Liz Bryant, who leads Wells Fargo Home Lending’s national team of more than 4,000 mortgage consultants, said a recent study Wells Fargo commissioned of 1,0041 people age 21 and older further underscores pet power in home buying.
Of those surveyed, 41% of Americans cited space for pets as important to have in their dream home — even more important than space for kids (34%).
“When you’re buying a house, you’re looking for something that fits your lifestyle and your family, so if pets are a part of your family, you look for a home that fits their needs, too,” said Bryant, who bought a home near a park where she can walk her 1-year-old French bulldog Rudy and 8-year-old pug Momo.
“Our job at Wells Fargo is to help customers get the financing they need so they can achieve their homeownership goals, no matter what that goal is,” Bryant said. “If their goal is a home with space for their dog, we want to help them get there.”
In Kuzel’s case, Wells Fargo Home Mortgage Consultant Lynn Bohm — a 39-year company veteran — helped her find a home that worked for her, Bernadette, and Grizzly, and also fit her budget, through a Minnesota Housing Finance Agency, or MHFA, program.
The program included homeownership counseling and allowed Kuzel to buy the home with a $2,000 down payment, preserving some of her savings. The rest of the money needed came from MHFA’s down payment assistance.
“A friend of mine told me about Lynn,” Kuzel said. “I didn’t know if I’d qualify for a loan with the savings I had — I knew I did not want to touch my 401(k) — and it was like she was a godsend to me when she said, ‘I can probably help you out with that.’ She then told me about the homebuying assistance program and guided me through all the steps.”
“This is a great program, because many people have the steady job, decent credit, and acceptable debt-to-income ratios, but just lack the down payment,” said Bohm. “Programs like MHFA, our yourFirst Mortgage®, and NeighborhoodLIFT® allow people to buy homes much sooner, instead of waiting until they save up a lot of money, which can be a significant barrier to homeownership.”
“It’s endings like this that make all the difference to me and what I get to do each day so incredibly satisfying,” Bohm said. “When you get to help someone like Pat who maybe didn’t believe they could be a homeowner become one, you can’t put a price tag on that. It’s a wonderful feeling.”
Pet power here to stay
Whether it’s driving purchases of pet-related products or homebuying decisions, said Jessica Lautz, vice president of Demographics and Behavioral Insights for the National Association of Realtors, pet power shows no signs of slowing as a retail force.

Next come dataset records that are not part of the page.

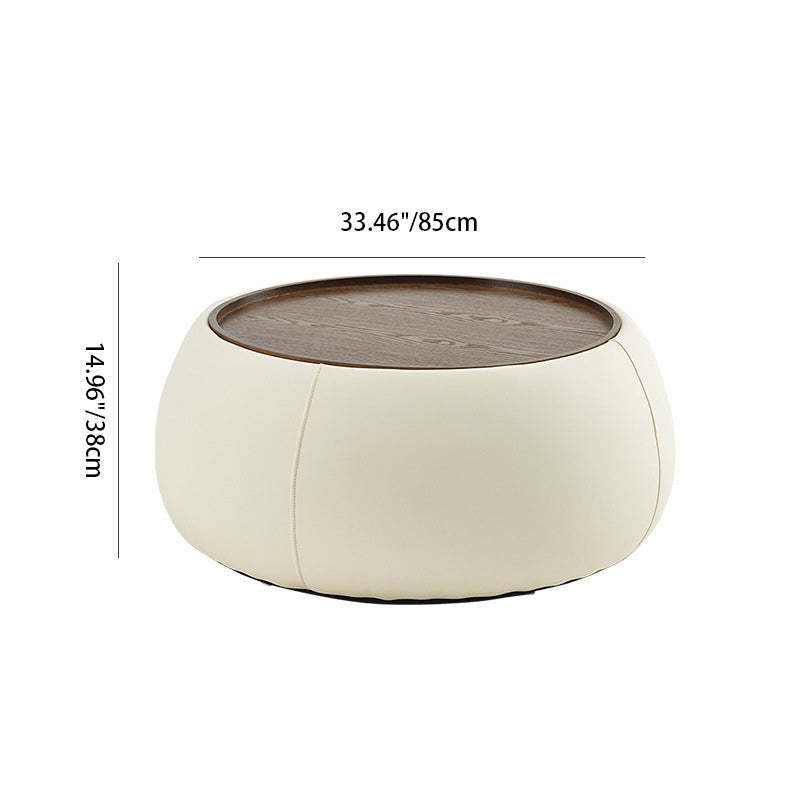 Nordic Cylinder Walnut Leather Coffee Table — Large - Beige / Black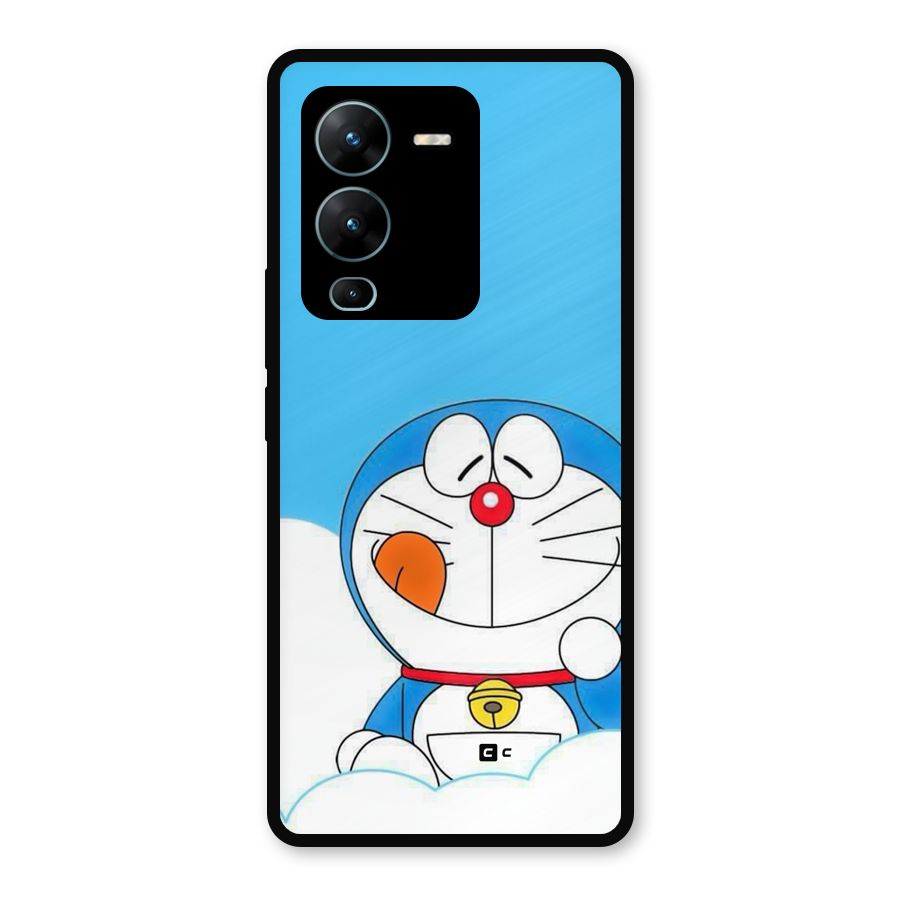 Doremon On Clouds Metal Back Case for Vivo V25 Pro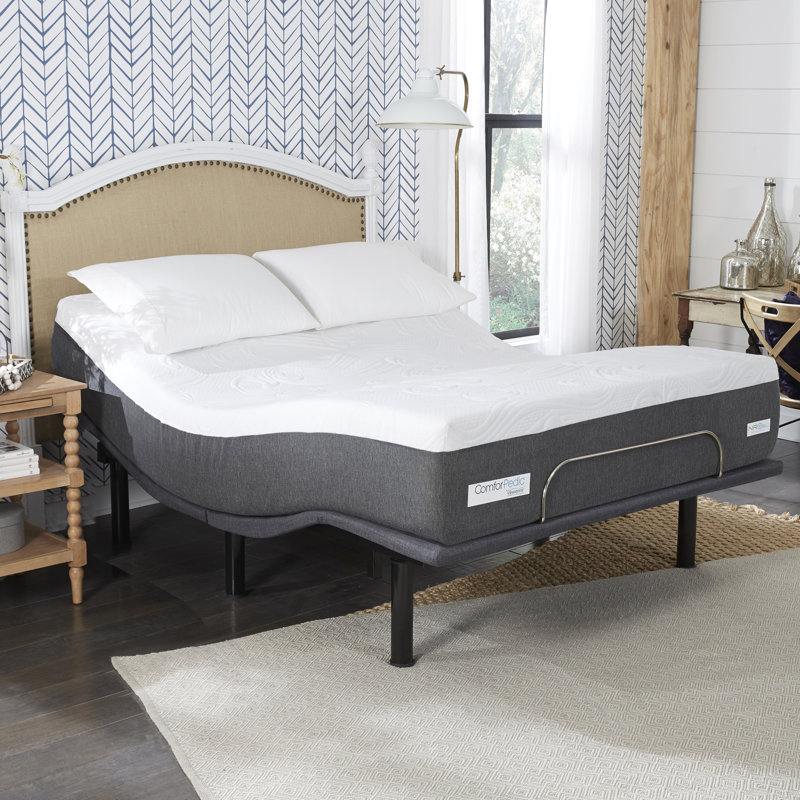 ComforPedic from Beautyrest Medium Gel Memory Foam Mattress with Adjustable Base, Split King, 14"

Since the association’s 2018 study of pets and homeownership, Lautz said, there has been a continued increase in the number of unmarried couples buying homes that offer green spaces for their dogs, or are close to parks and veterinarians.
“Twenty percent of unmarried couples chose their neighborhood for their pet needs,” she said. “These buyers won’t even look at homes in areas that don’t have those features, as their pet is considered a member of their family.”
For Kuzel, letting the needs of her dogs guide her choice of home couldn’t have worked out better. “My dogs love it here,” she said. “It’s so peaceful. I can sit out on the deck looking at the water and enjoy a cup of coffee with Bernadette and Grizzly right there beside me.”